All that aside, my friends suggested we eat dinner at Whole Foods one night before going out. We were crunched for time and it was nearby. I agreed. Grudgingly, I went figuring I could cough up enough change for a Jamba Juice and hard-boiled egg. But wow! A whole new world has opened up to me! Whole Foods is not messing around when it comes to ready-to-eat meals—pizza, sandwiches, salad bar, hot foods, cold foods, dessert bar! And here’s a not so secret secret. I LOVE buffets. I was made for buffets. I do not however love buffets where you pay by the pound. Must we put a monetary value on my giant appetite? Did I really pay $23 for a salad? (Note to self: leave off the heavy produce. Probably paid $6 in cauliflower alone.) Regardless I’m now obsessed with Whole Foods and their sesame tofu. Don’t laugh. They’re serving it in whatever heaven you might believe in. I’ve eaten there 3 out of 4 days in a row. The deli man knows me. Before I can even ask he’s got my order boxed and weighed and tells me to, “take 2 and see him in the morning.” That I will, Mr. Whole Foods Deli Man! Keep on marinating.
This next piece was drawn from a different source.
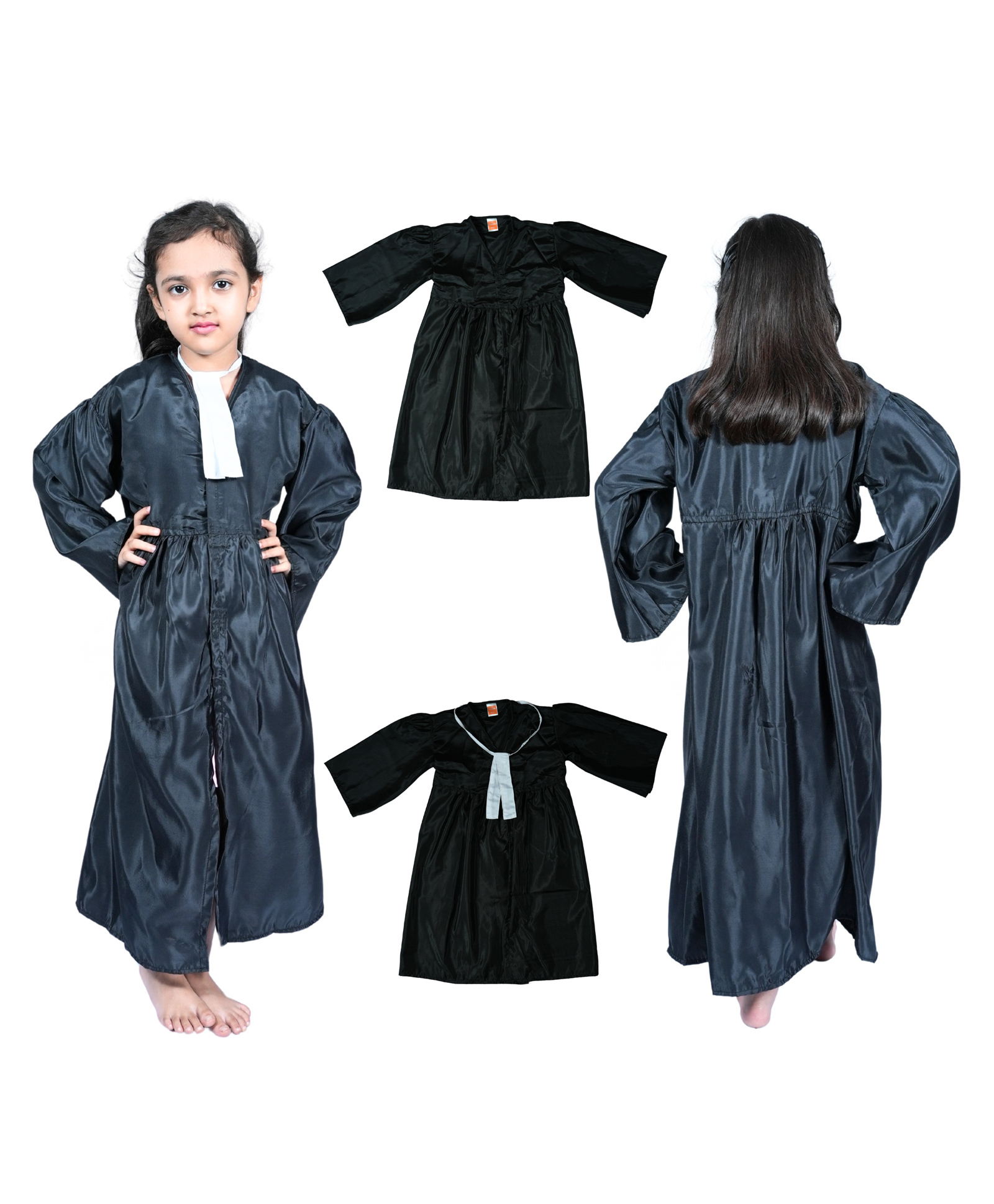 Sarvda Premium Silk Woven Full Sleeves Lawyer Costume With Tie Set - Black-picture-18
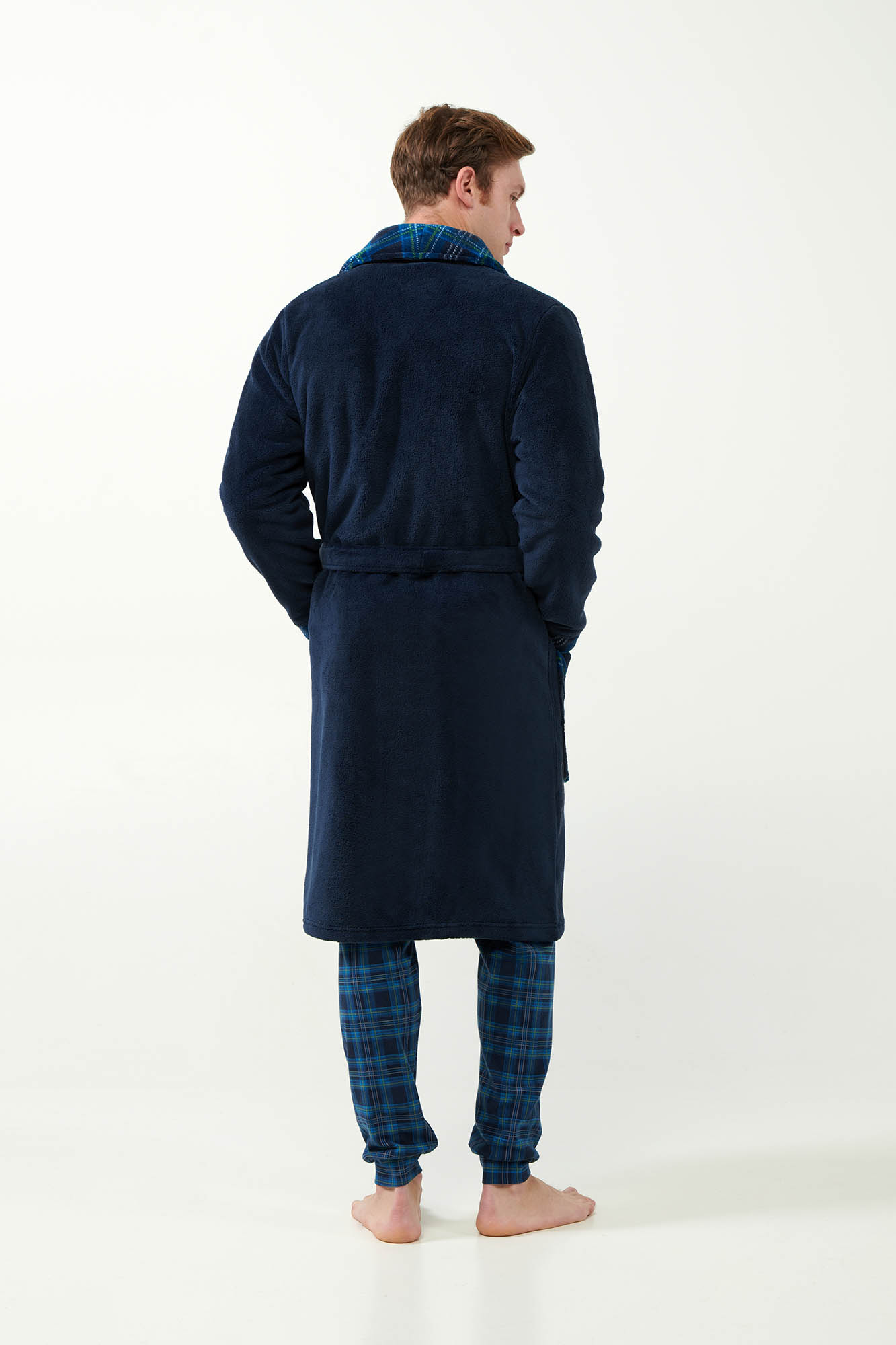 4_0224974573 Μακριά Σταυρωτή Fleece Ρόμπα με Πέτο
Wii Fit: Novel idea, this Wii Fit. And if you’re ever feeling nostalgic for 7th grade when you got picked on by the stupid, popular kids, by all means plug in this little bastard! It really shouldn’t be considered a favorite thing but I have to admit, it made me snicker. The Wii Fit wants to help you get in shape by offering several “get-active” games ranging from yoga to aerobics, to surfing. It asks for your height and weight so it can measure your BMI then promptly tells you that you are either overweight, fat, or obese. Apparently no one on Planet Nintendo is at a healthy BMI. But wait! That’s not all. Not only does it have the nerve to tell you how overweight, fat, or obese you are, it shows you, by taking your cute, little Mii, giving it love handles and a couple dozen double chins, and stuffs it into a sweat suit. You can practically hear your Mii’s thighs rubbing against each other.

The worst part of all is my brother and I got this 7th grade cheerleader for low self esteem disguised as a video game for our mom. The only saving grace is that I’m pretty sure she won’t use it now that I’ve seen it in action.

“It does what?” she asked, when I warned her not to take it personally.

Happy Mother’s Day, Mommy. We got you an eating disorder.

Speaking of eating disorders, I’m on my way to Whole Foods to see my favorite Deli Man. What are the chances he knows someone at Corporate who can hook me up with an endorsement deal?